[SOURCE MATERIAL Boundary: Start]

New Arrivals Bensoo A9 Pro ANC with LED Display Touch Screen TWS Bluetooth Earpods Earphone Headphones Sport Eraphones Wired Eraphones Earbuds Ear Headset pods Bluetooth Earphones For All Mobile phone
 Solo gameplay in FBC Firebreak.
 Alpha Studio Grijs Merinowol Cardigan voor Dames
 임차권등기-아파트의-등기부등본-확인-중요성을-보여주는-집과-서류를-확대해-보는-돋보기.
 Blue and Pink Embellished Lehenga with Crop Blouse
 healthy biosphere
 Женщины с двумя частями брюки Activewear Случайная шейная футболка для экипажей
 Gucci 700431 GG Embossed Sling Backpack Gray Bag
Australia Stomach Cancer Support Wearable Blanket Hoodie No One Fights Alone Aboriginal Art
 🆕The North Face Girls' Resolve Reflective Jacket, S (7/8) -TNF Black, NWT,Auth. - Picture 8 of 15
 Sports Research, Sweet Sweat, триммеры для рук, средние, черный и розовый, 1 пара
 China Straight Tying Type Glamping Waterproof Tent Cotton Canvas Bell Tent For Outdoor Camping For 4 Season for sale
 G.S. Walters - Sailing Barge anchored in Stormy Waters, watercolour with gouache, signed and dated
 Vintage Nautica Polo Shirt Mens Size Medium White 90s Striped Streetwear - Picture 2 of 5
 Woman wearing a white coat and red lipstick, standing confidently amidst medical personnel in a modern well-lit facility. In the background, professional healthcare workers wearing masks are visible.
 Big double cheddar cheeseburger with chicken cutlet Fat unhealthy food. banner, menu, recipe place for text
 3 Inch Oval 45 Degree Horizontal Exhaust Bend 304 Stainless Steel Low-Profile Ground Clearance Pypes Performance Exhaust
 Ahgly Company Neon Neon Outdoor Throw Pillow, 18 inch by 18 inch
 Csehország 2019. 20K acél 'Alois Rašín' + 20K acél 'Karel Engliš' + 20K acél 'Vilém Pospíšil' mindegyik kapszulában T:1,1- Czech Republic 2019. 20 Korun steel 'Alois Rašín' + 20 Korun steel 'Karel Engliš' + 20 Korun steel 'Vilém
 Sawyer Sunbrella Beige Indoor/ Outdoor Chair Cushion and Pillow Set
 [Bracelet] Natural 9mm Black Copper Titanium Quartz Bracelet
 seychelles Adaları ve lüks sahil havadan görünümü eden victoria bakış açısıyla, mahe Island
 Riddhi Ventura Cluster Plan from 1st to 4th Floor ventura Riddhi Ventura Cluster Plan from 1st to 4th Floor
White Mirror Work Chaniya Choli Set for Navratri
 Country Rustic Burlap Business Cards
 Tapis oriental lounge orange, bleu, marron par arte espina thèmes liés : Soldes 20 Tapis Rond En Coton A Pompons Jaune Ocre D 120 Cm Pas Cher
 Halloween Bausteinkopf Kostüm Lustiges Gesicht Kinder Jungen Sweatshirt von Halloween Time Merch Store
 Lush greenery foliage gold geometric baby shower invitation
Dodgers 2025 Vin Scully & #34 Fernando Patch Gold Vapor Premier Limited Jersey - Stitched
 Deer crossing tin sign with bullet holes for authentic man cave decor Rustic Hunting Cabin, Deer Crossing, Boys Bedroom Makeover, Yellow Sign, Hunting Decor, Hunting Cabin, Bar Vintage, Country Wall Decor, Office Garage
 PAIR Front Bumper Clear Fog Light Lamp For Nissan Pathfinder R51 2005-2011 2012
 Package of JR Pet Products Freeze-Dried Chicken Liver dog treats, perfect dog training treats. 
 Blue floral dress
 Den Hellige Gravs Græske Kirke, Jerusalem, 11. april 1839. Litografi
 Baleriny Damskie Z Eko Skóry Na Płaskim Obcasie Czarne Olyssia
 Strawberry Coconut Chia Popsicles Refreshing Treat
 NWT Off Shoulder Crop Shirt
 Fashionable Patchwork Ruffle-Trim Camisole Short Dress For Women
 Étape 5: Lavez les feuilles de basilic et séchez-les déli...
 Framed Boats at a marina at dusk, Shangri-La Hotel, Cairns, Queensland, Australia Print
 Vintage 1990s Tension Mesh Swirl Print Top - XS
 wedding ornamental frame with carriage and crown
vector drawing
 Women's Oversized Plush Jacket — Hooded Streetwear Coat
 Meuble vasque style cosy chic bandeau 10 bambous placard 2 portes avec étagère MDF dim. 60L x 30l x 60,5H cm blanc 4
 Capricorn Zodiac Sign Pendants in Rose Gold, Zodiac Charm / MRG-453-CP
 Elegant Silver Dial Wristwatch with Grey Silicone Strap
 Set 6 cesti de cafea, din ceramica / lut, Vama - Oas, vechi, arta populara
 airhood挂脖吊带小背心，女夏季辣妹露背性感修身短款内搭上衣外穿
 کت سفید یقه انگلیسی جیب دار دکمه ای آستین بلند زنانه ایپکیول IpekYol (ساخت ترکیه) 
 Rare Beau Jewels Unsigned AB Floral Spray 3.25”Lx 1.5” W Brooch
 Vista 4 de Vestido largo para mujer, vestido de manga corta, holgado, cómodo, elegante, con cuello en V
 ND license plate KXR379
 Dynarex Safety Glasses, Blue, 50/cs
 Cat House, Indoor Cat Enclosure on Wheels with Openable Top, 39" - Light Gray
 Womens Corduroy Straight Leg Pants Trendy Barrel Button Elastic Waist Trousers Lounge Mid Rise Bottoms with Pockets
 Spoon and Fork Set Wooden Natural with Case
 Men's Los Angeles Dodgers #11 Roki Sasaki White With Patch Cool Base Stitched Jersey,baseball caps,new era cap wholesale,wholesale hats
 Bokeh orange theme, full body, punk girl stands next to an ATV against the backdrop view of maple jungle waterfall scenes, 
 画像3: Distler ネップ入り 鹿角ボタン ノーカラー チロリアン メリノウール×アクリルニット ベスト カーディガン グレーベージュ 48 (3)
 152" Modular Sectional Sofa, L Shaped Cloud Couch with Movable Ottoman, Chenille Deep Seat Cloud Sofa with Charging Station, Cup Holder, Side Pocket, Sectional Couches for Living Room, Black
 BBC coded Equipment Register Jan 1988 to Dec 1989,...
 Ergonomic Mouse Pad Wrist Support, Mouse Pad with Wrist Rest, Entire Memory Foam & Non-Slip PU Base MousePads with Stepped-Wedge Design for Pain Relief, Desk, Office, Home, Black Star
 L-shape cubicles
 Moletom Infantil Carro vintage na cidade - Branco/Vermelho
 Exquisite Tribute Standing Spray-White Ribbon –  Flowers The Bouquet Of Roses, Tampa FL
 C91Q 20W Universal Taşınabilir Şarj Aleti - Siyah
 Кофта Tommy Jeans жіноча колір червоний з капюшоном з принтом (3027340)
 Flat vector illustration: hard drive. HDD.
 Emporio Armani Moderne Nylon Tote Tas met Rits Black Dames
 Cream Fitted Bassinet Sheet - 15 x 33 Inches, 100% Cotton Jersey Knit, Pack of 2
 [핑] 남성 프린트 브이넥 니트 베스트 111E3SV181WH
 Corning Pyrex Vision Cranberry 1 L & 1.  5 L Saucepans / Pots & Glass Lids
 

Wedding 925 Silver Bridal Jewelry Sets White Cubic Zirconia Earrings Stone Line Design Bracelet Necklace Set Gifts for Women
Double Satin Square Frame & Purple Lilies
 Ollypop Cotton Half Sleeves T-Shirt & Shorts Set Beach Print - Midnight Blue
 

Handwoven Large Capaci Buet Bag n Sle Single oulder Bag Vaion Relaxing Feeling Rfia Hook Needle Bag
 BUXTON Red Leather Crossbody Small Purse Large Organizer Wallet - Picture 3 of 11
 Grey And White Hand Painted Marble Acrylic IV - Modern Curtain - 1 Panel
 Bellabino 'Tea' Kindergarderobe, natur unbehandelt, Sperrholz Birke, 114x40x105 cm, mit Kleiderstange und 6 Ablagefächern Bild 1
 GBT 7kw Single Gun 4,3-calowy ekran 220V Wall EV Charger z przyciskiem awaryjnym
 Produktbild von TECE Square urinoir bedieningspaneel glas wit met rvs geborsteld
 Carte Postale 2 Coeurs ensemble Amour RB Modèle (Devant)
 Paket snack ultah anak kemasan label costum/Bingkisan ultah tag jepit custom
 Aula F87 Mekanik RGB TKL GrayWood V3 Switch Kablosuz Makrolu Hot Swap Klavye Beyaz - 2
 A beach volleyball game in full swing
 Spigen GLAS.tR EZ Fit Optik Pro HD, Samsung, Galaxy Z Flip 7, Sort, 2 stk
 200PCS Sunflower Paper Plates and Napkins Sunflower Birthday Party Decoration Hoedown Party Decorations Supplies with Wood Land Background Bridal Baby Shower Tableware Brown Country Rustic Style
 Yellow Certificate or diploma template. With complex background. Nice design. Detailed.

[SOURCE MATERIAL Boundary: End]

### PROBLEM
Extract the lines of the preceding material that run from the line with "Living Room, Black" through the line with "Grey And White", inclusive, reproducing them exactly and adding nothing.

### EXPECTED ANSWER
 152" Modular Sectional Sofa, L Shaped Cloud Couch with Movable Ottoman, Chenille Deep Seat Cloud Sofa with Charging Station, Cup Holder, Side Pocket, Sectional Couches for Living Room, Black
 BBC coded Equipment Register Jan 1988 to Dec 1989,...
 Ergonomic Mouse Pad Wrist Support, Mouse Pad with Wrist Rest, Entire Memory Foam & Non-Slip PU Base MousePads with Stepped-Wedge Design for Pain Relief, Desk, Office, Home, Black Star
 L-shape cubicles
 Moletom Infantil Carro vintage na cidade - Branco/Vermelho
 Exquisite Tribute Standing Spray-White Ribbon –  Flowers The Bouquet Of Roses, Tampa FL
 C91Q 20W Universal Taşınabilir Şarj Aleti - Siyah
 Кофта Tommy Jeans жіноча колір червоний з капюшоном з принтом (3027340)
 Flat vector illustration: hard drive. HDD.
 Emporio Armani Moderne Nylon Tote Tas met Rits Black Dames
 Cream Fitted Bassinet Sheet - 15 x 33 Inches, 100% Cotton Jersey Knit, Pack of 2
 [핑] 남성 프린트 브이넥 니트 베스트 111E3SV181WH
 Corning Pyrex Vision Cranberry 1 L & 1.  5 L Saucepans / Pots & Glass Lids
 

Wedding 925 Silver Bridal Jewelry Sets White Cubic Zirconia Earrings Stone Line Design Bracelet Necklace Set Gifts for Women
Double Satin Square Frame & Purple Lilies
 Ollypop Cotton Half Sleeves T-Shirt & Shorts Set Beach Print - Midnight Blue
 

Handwoven Large Capaci Buet Bag n Sle Single oulder Bag Vaion Relaxing Feeling Rfia Hook Needle Bag
 BUXTON Red Leather Crossbody Small Purse Large Organizer Wallet - Picture 3 of 11
 Grey And White Hand Painted Marble Acrylic IV - Modern Curtain - 1 Panel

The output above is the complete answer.